- Opening Delimiter -
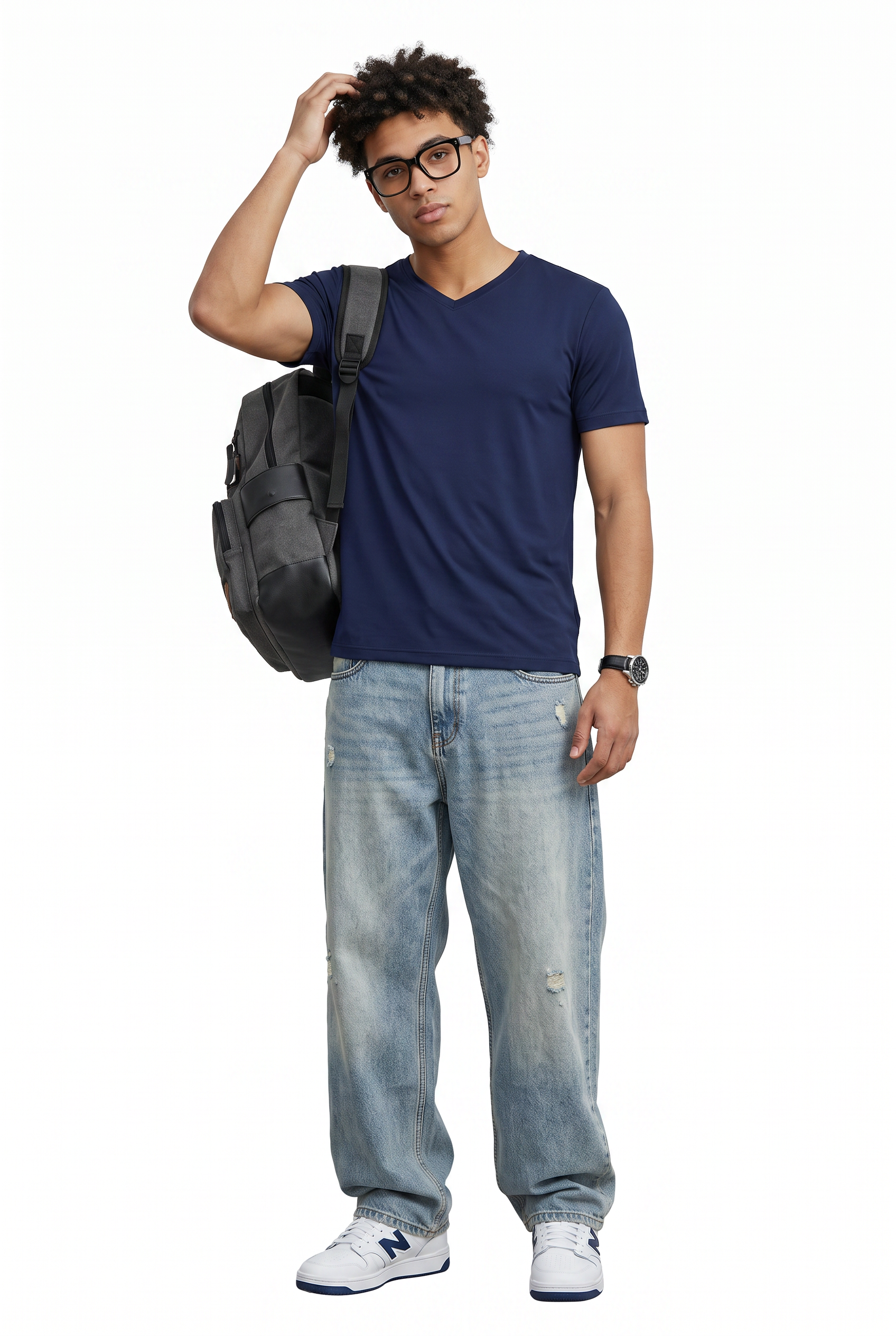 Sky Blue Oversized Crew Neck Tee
- Closing Delimiter -
- Opening Delimiter -
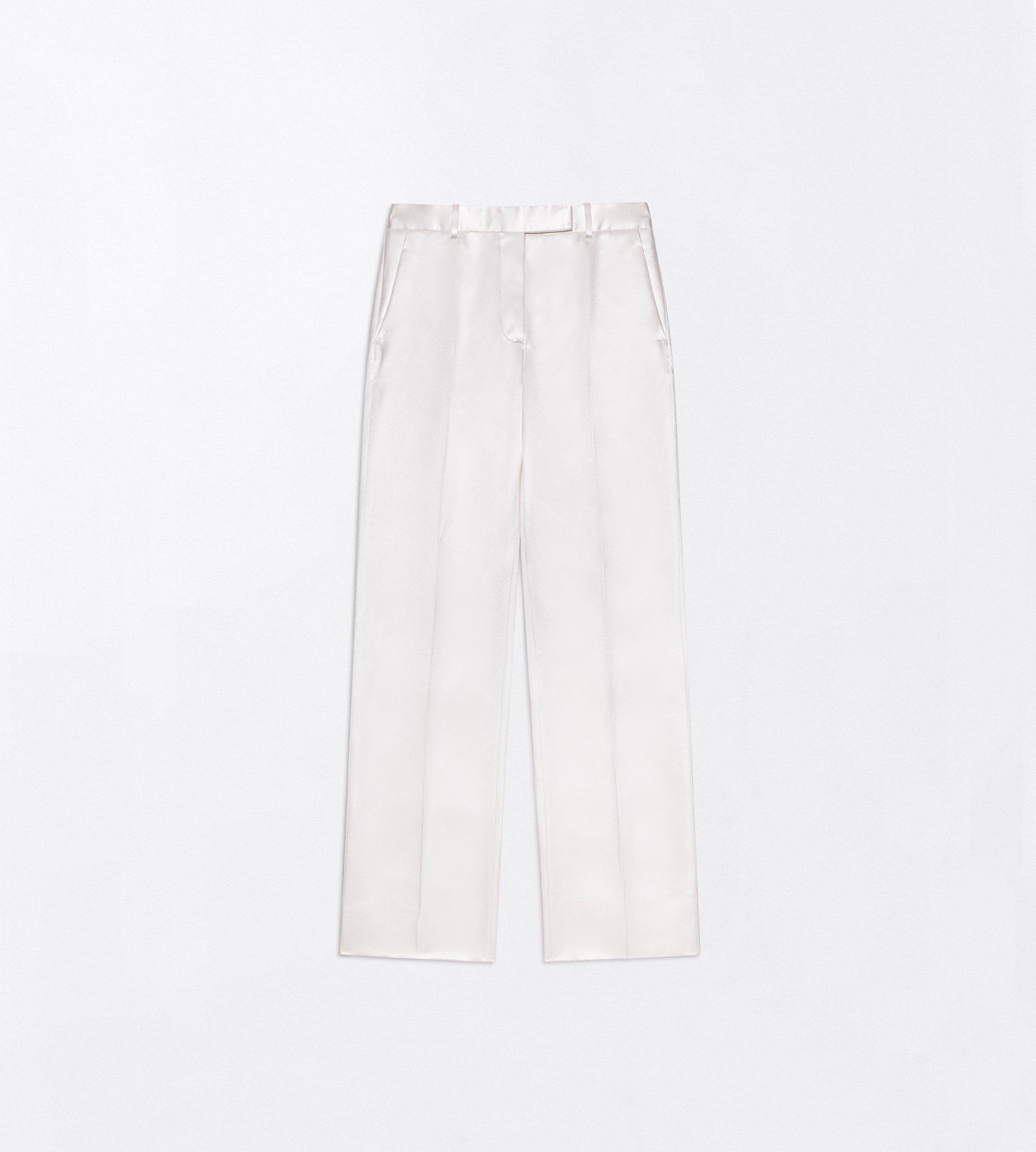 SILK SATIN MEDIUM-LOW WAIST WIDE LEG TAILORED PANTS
- Closing Delimiter -
- Opening Delimiter -
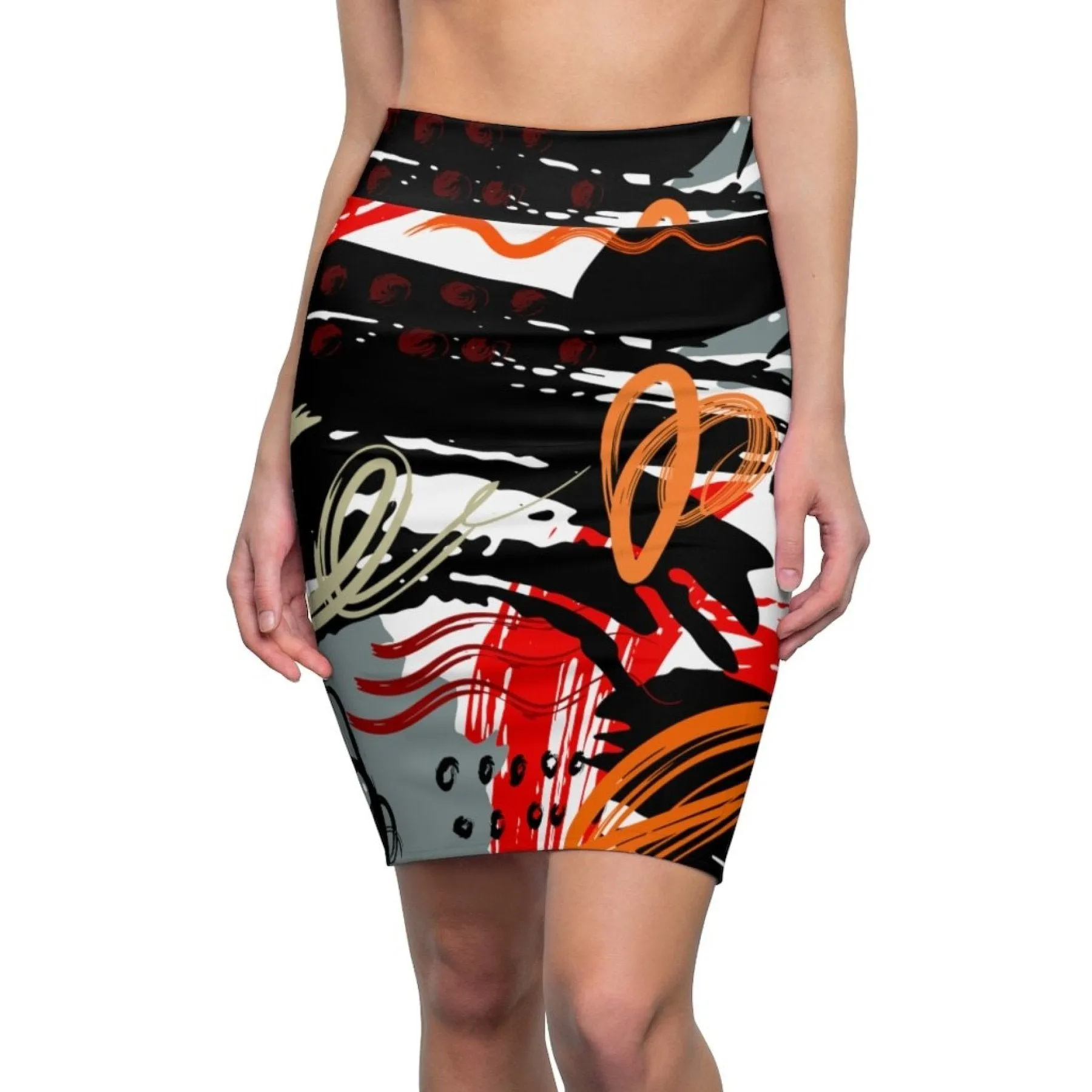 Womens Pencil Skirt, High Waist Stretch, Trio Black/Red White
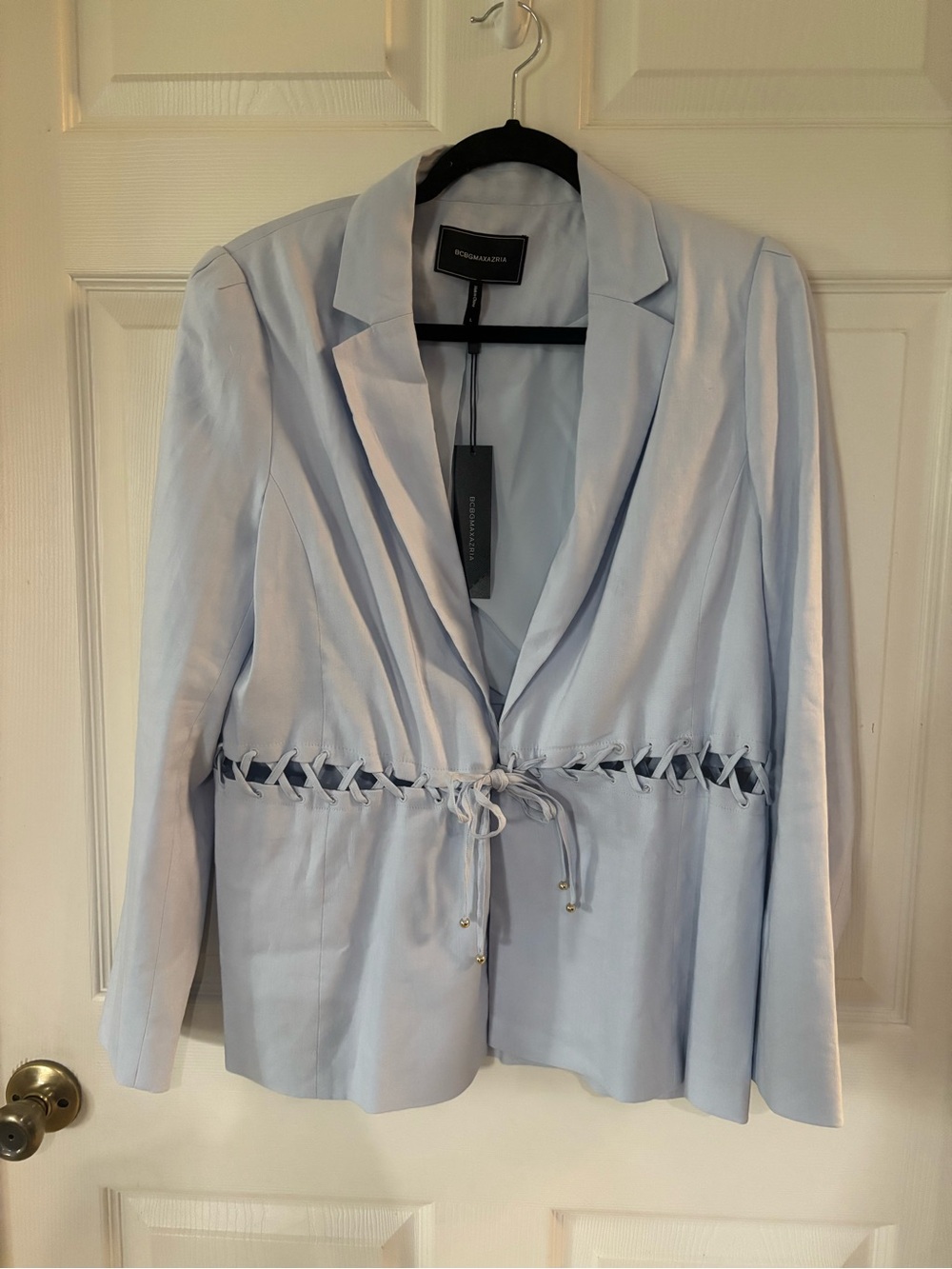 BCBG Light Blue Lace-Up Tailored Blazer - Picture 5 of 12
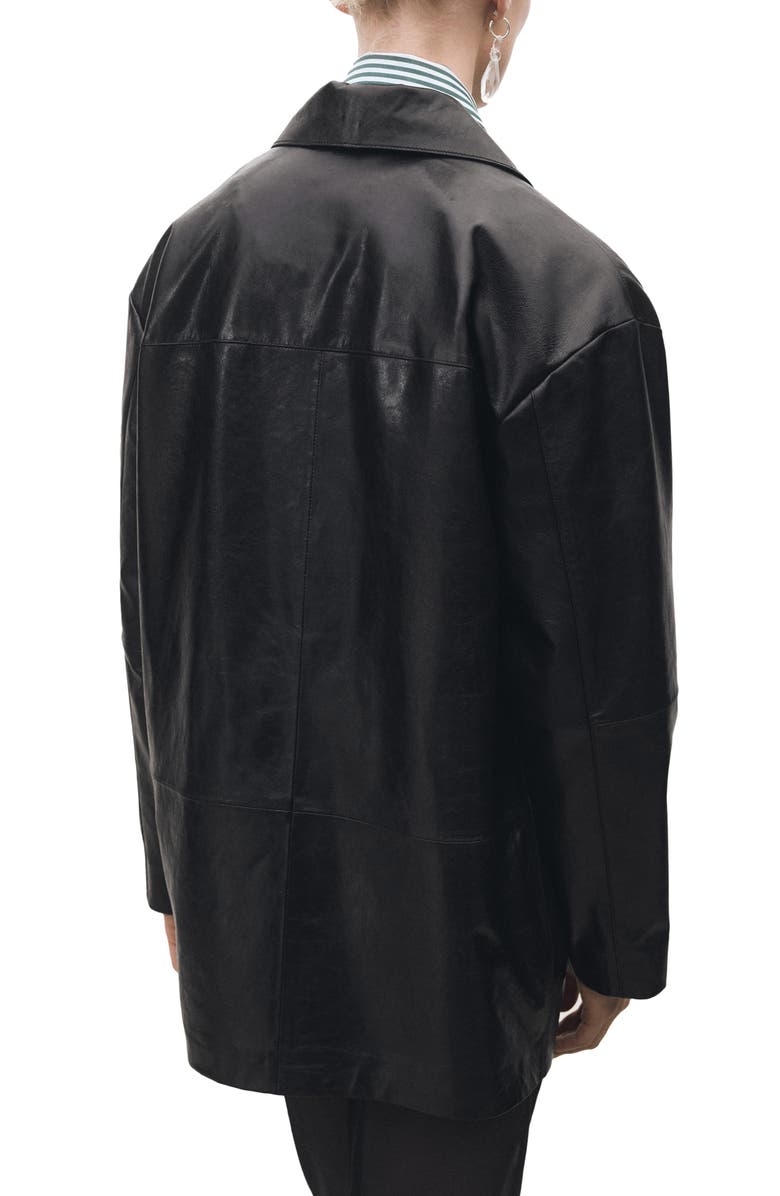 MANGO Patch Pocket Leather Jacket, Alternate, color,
- Closing Delimiter -
Problem statement —
What is wanted is an exact copy of the lines above from the one containing "BCBG Light Blue" through the one containing "MANGO Patch Pocket", with no pictures in it.

Exercise response —
 BCBG Light Blue Lace-Up Tailored Blazer - Picture 5 of 12
 MANGO Patch Pocket Leather Jacket, Alternate, color,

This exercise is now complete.